Like a maiden shy and fearful,
Hidden now by turns, and seen
Frownest now, and now art cheerful,
Spring, Creation's fickle queen.

Winter's wither'd clutches hold thee,
Doting on thy youthful charms;
Summer, longing to infold thee,
Pulls thee to his ardent arms.

I

My paper owes, methinks, a kind of annual tribute to the Spring: under its auspices it began, and started into life with the primrose and the violet. question much if I should have had courage for this project at any other time of the year; but when all nature is teeming with a new produce, when every vegetable is acting up to its destination, and answering its calling, I should feel it as a tacit reproach to myself, if at the same moment I were conscious of an indisposition towards those duties and exertions for which, as a moral agent, I was designed. The aids too of a fine day, and a glowing horizon, are not inconsiderable towards forming a temper of mind adapted to spirited undertakings; and it is on this account, that if there be one day in the week finer than another, it is sure to become the æra of a cheerful Number; and on this occasion the fields of my neighbour Blunt are the scene of my operations. I know of no spot in which Spring appears with such advantage, as in the premises of this gentleman;

who, since the surprising revolution wrought in his character, by the institutes and habits of our society, has developed a great many hidden qualities of a very agreeable kind, and among the rest, a peculiar talent in the distribution of rural scenery. There is, indeed, so strong a relationship between morals and taste, that the one is seldom improved without a manifest advantage to the other; and as they both have their birth in the same right constitution of mind, a secret tie of affinity always approximates them, however their natural tendency to unite may be crossed by superinduced habits, and perverse modes of education. Thus, for every step my neighbour Blunt has advanced in his plans of self-correction, I think I have remarked some corresponding improvement in the disposition of his grounds; and his present expansion of mind has been attended with a proportionate enlargement of his scenes and prospects. A little hillock in the midst of one of his fields, on which there is a circular bench round the trunk of an

ancient oak, whence you look down upon his garden, which is only a more studied kind of park, has always been the scene of my lighter speculations; as his chesnut groves have been my resort, when it has been my purpose to submit to my readers a soberer train of thoughts. Shut up as I am at present, in the midst of the capital, I must necessarily forego these aids; but yet perhaps this denial gives me an intenser feeling of the beauties which I lose, and paints them yet stronger in idea, for the regret which accompanies the thought of them. The time which I had dedicated to this visit, is on the point of expiring; a circumstance that gives me the greater pleasure, as I observe that no one in this part of the world seems to feel interest in the progress of the any but year, as it facilitates the destruction of the species: thus,

while Nature is busied in refreshing her works, and breathing new life and youth into the creation, we are in this metropolis only occupied about the progress of slaughter, and have no ears but for topics of calamity.
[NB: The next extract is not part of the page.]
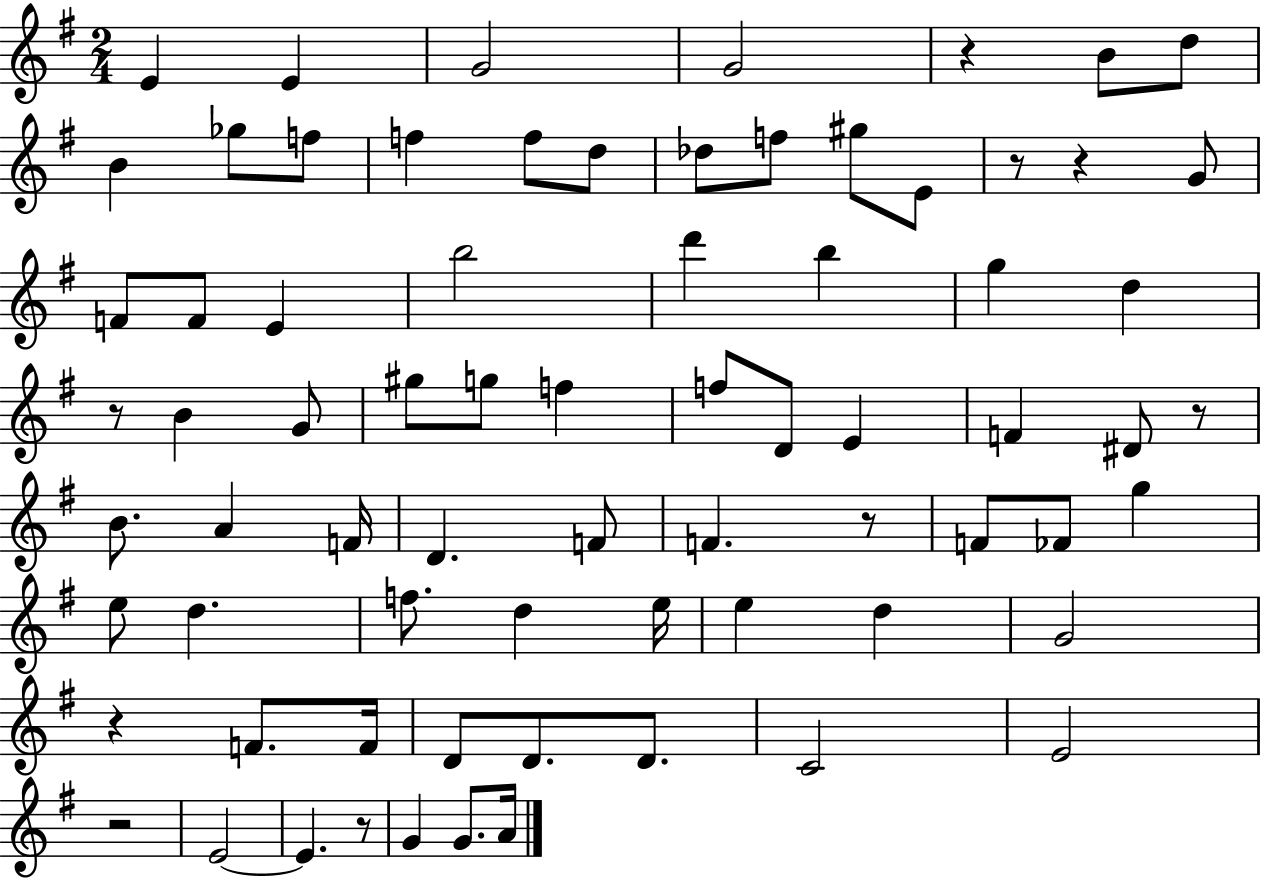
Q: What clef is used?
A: treble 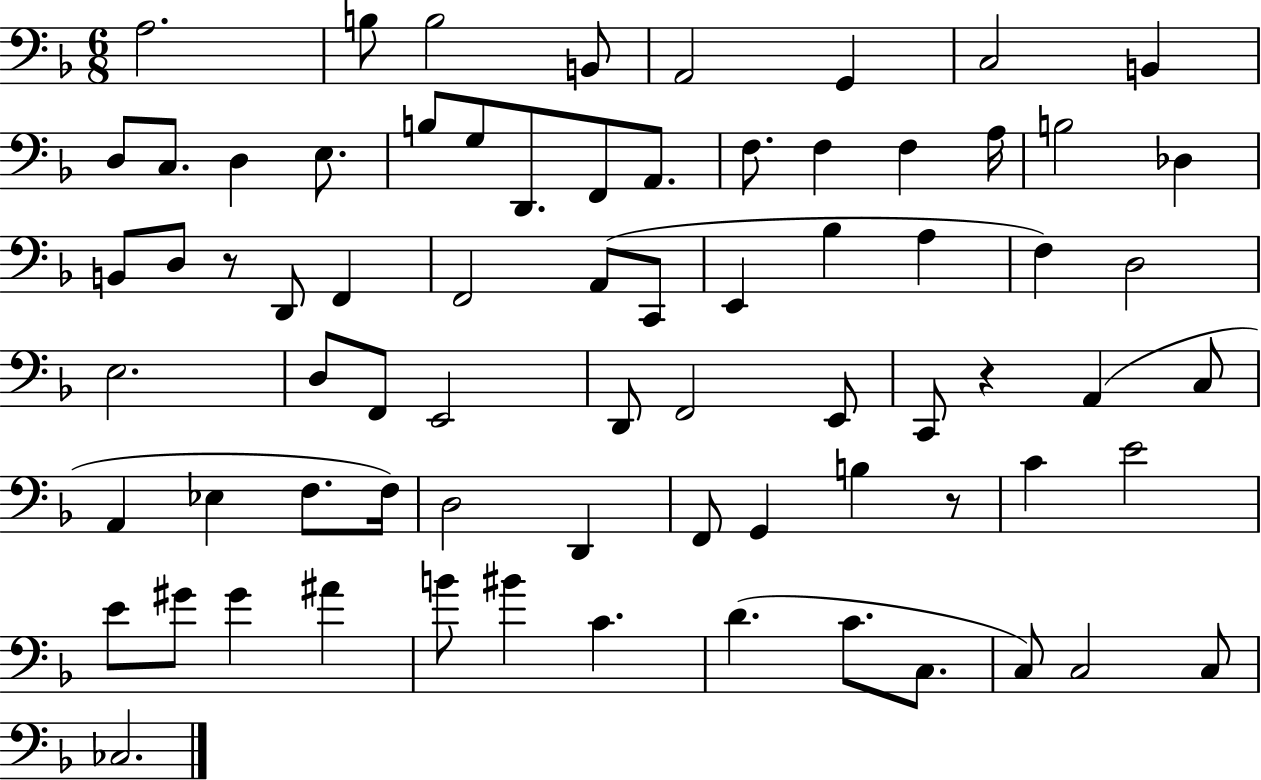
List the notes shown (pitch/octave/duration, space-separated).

A3/h. B3/e B3/h B2/e A2/h G2/q C3/h B2/q D3/e C3/e. D3/q E3/e. B3/e G3/e D2/e. F2/e A2/e. F3/e. F3/q F3/q A3/s B3/h Db3/q B2/e D3/e R/e D2/e F2/q F2/h A2/e C2/e E2/q Bb3/q A3/q F3/q D3/h E3/h. D3/e F2/e E2/h D2/e F2/h E2/e C2/e R/q A2/q C3/e A2/q Eb3/q F3/e. F3/s D3/h D2/q F2/e G2/q B3/q R/e C4/q E4/h E4/e G#4/e G#4/q A#4/q B4/e BIS4/q C4/q. D4/q. C4/e. C3/e. C3/e C3/h C3/e CES3/h.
Nobody talks now of the rose, or the lily, or the blossom, or the verdure: a new interest has succeeded, by which they are totally supplanted; and the odours of Spring are exchanged for smoke and powder. Her ethereal mildness, her balmy fragrance, and her rosy chaplets, will no longer be her favourite attributes; and it will be unclassical to represent her under any less formidable figure, than that of a frowning goddess, reposing on a cannon. She must adopt a crown of laurel, instead of her garlands of flowers; and instead of opening her buds, she must be occupied in opening her campaigns. Poetry too must give up many of the fine things which she has borrowed from the Spring, as well as many of the handsome things which she has said of her in return; and considering the threatening form under which she is viewed at present, the " εγέλασε δε γαια πέλωρη” of Hesiod will no longer apply to this season of the year.

In another view also this novel character in which the Spring appears, threatens very much to circumscribe the range of compliment, and to impoverish the fund of allusion and comparison, which supply us with eulogies on the female sex. Thus, when we ascribe to a lady the breath of Spring, unless her perfections be such as not to leave it in doubt, it may not be immediately understood whether we mean that breath of Spring which comes from her carnations or from her cannons, from her howitzers or from her hyacinths. As to myself, however, who have received such true delight from contemplating the Spring under her ancient form, I am determined

not to acknowledge her in her new character: I shall not follow her when she is transporting her artillery and baggage over dusty plains, where "fields, all iron, cast a gleaming brown;" but shall seek her through fields of cowslip and clover, and study to surprise her in those moments when she is sporting it with Zephyr and Flora " on a soft downy bank damask'd with flowers." I shall still persist in borrowing my allusions from her in my eulogies on the fair sex, and shall still come to her for patterns of sweetness and grace. I shall hope that the ladies will consider me with more than usual favour, on account of these my disinterested exertions in their cause; for their cause it certainly is, who have hitherto held all the seasons of the year under contribution to their praise; and who, when one province of compliment is invaded, may reasonably be apprehensive for them all.

"Galla, tibi totus sua munera dedicat annus:
Ver roseas malas et labra rubedine pingit ;
Mille oculis ignes radiantibus imprimit æstas;
Autumnus matura sinu duo poma recondit;
Quod reliquum est aspergit hyems candore nivali.”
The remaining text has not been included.